** Task prompt **
In the records below, begin at the line containing "cielo azzurro limpido." and end at the line containing "Portrait of happy smiling boy against trees"; quote every line in that span exactly, including both boundary lines, and no others.

** Provided information **
++++
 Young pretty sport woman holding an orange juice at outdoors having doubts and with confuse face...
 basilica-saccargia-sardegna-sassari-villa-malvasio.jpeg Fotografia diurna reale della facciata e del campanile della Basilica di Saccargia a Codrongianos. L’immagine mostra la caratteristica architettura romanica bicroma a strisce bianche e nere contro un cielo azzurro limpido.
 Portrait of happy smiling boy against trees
++++
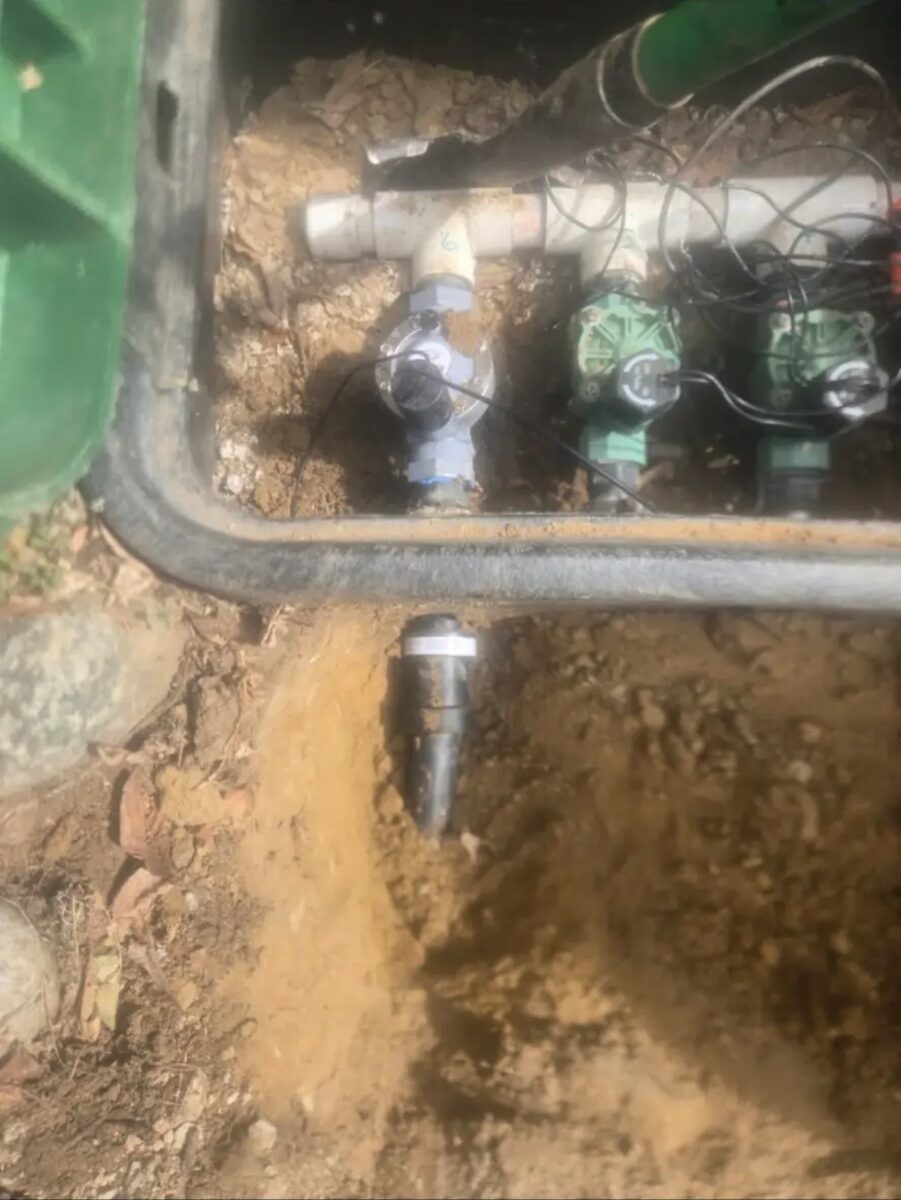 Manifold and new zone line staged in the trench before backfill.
++++
** Exercise result **
 basilica-saccargia-sardegna-sassari-villa-malvasio.jpeg Fotografia diurna reale della facciata e del campanile della Basilica di Saccargia a Codrongianos. L’immagine mostra la caratteristica architettura romanica bicroma a strisce bianche e nere contro un cielo azzurro limpido.
 Portrait of happy smiling boy against trees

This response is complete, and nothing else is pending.